The data is to be repeated exactly, with the images removed.
^^^^
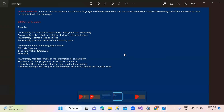Assemblies are the basic unit of application development and versioning. And this is the building block of .NET application. The .NET application is the .NET file. The assembly has a structural element - first one is assembly manifest, which contains name, language, and version information.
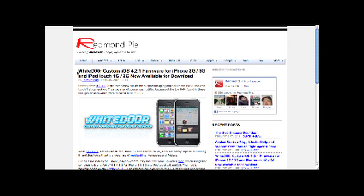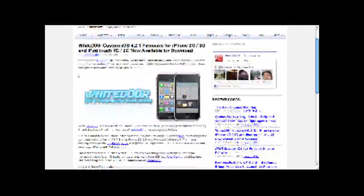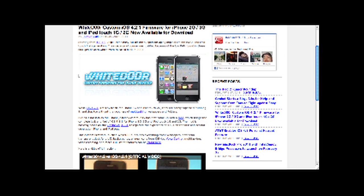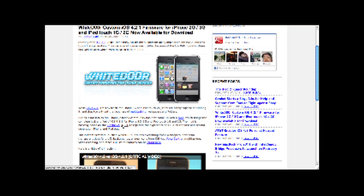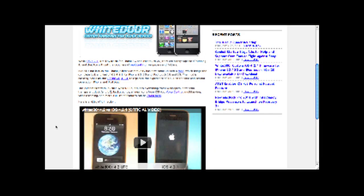And basically what this new firmware version does is it replicates the features of iOS 4.2.1, but it's based on iOS 3.1.3, so it'll run a lot smoother, but it has all the features that you would be missing.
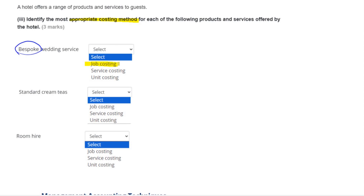Standard cream teas is a service being provided — you go and have cream tea at a hotel or café — so the most appropriate basis is service costing: how much does it cost to provide that service? And then room hire — a room is effectively a unit, usually priced per hour or per room — so it's going to be based on unit costing.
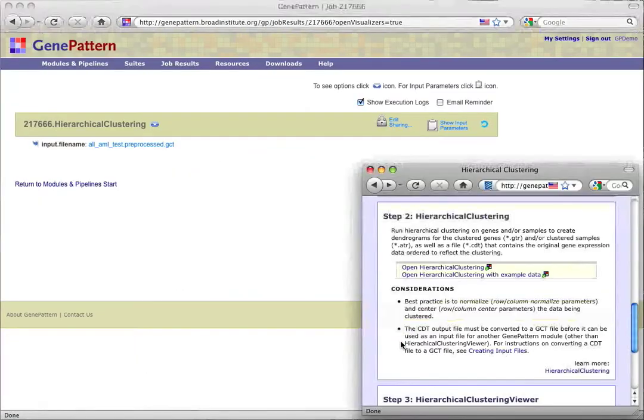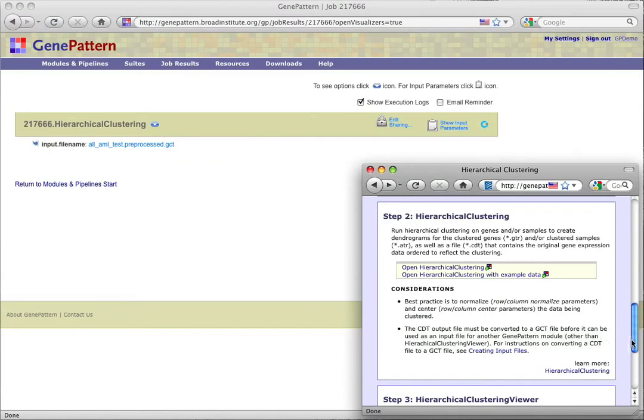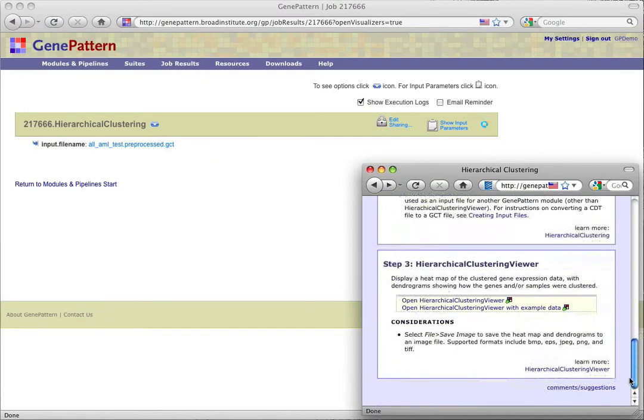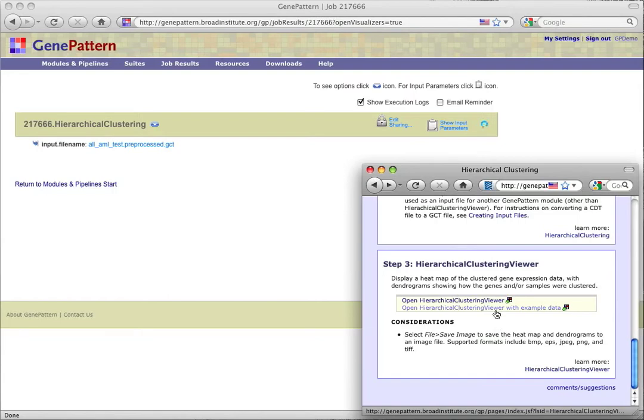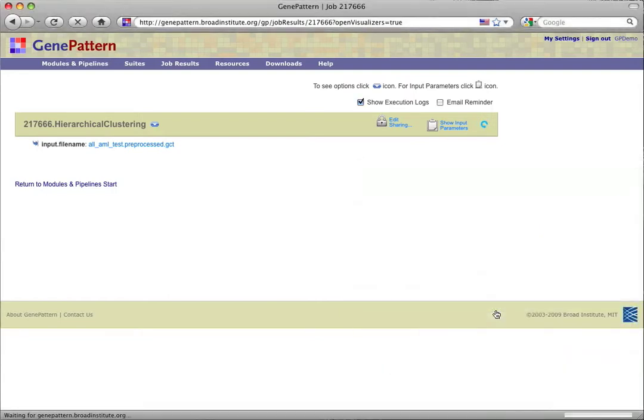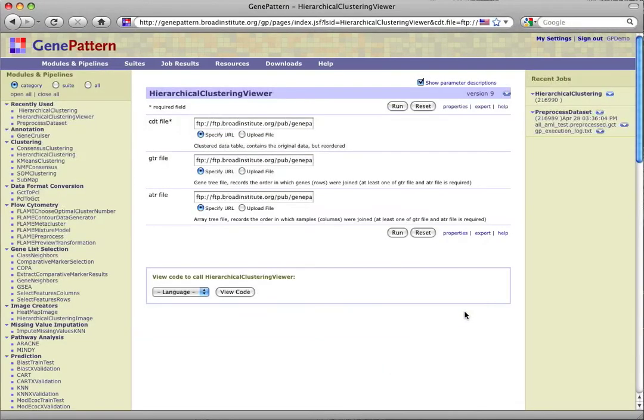While that runs, we'll examine step 3, the final step of this protocol, which happens to be a visualizer. Rather than wait for the example data to finish running through hierarchical clustering, if it still is, we'll choose to open the viewer with example data. There are no parameters to change here, so we can just go ahead and run the visualizer.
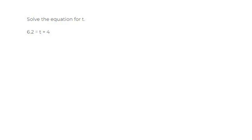All right, let's look at this following problem. Solve the equation for t. We have this equation: 6.2 equals t plus 4.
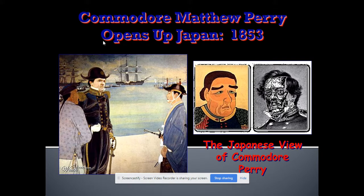Commodore Matthew Perry was the naval officer dispatched to the Pacific in 1853 and told to open up trade with Japan. Japan, under the Tokugawa Shogunate, had been relatively isolated since the 1500s — they kicked out all foreigners and forced them to abandon Christianity. Matthew Perry fired a few cannon shots and demanded to meet with Japanese officials. The Japanese complied, and the United States opened up trade with Japan.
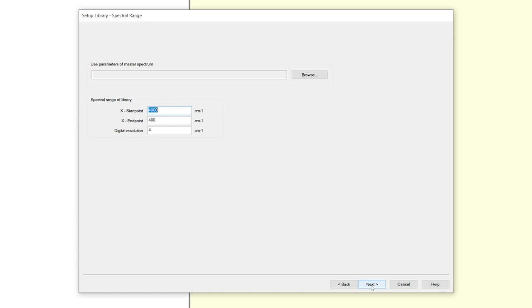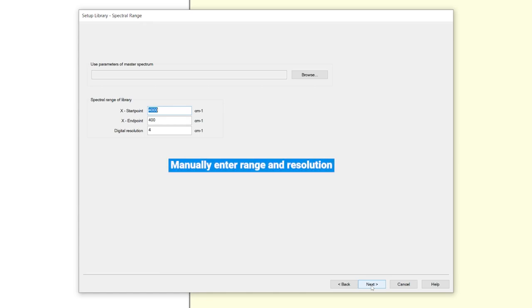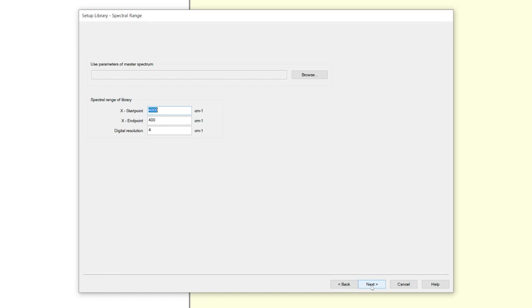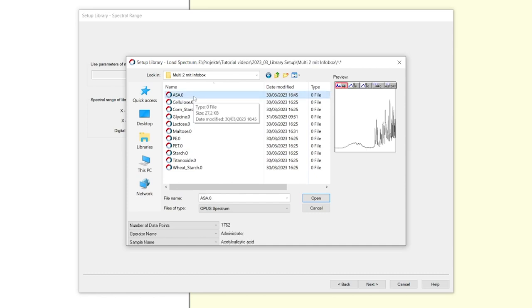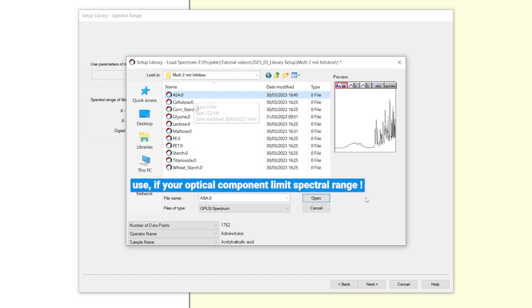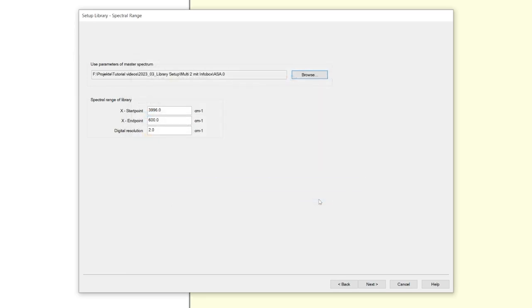You have now two possibilities. You can manually enter the spectral range and resolution of your library, or select a master spectrum. OPUS will automatically obtain the required information out of the master spectrum. To restrict the parameters is useful, for example, if your optical component limits the spectral range. Afterwards click next.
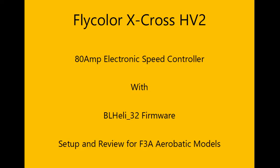Hello, this video is about the use of the FlyColor X-Cross 80A speed controller for aerobatic fixed-wing models. This video covers the capabilities of the speed controller, how to obtain and set up the interface software, how to configure the speed controller, and includes comments and suggestions about its application to F3A aerobatic models.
^^^^
* _THE ANSWER_:
Assemblies are the basic unit of application development and versioning. And this is the building block of .NET application. The .NET application is the .NET file. The assembly has a structural element - first one is assembly manifest, which contains name, language, and version information.
And basically what this new firmware version does is it replicates the features of iOS 4.2.1, but it's based on iOS 3.1.3, so it'll run a lot smoother, but it has all the features that you would be missing.
Standard cream teas is a service being provided — you go and have cream tea at a hotel or café — so the most appropriate basis is service costing: how much does it cost to provide that service? And then room hire — a room is effectively a unit, usually priced per hour or per room — so it's going to be based on unit costing.
While that runs, we'll examine step 3, the final step of this protocol, which happens to be a visualizer. Rather than wait for the example data to finish running through hierarchical clustering, if it still is, we'll choose to open the viewer with example data. There are no parameters to change here, so we can just go ahead and run the visualizer.
All right, let's look at this following problem. Solve the equation for t. We have this equation: 6.2 equals t plus 4.
Commodore Matthew Perry was the naval officer dispatched to the Pacific in 1853 and told to open up trade with Japan. Japan, under the Tokugawa Shogunate, had been relatively isolated since the 1500s — they kicked out all foreigners and forced them to abandon Christianity. Matthew Perry fired a few cannon shots and demanded to meet with Japanese officials. The Japanese complied, and the United States opened up trade with Japan.
You have now two possibilities. You can manually enter the spectral range and resolution of your library, or select a master spectrum. OPUS will automatically obtain the required information out of the master spectrum. To restrict the parameters is useful, for example, if your optical component limits the spectral range. Afterwards click next.
Hello, this video is about the use of the FlyColor X-Cross 80A speed controller for aerobatic fixed-wing models. This video covers the capabilities of the speed controller, how to obtain and set up the interface software, how to configure the speed controller, and includes comments and suggestions about its application to F3A aerobatic models.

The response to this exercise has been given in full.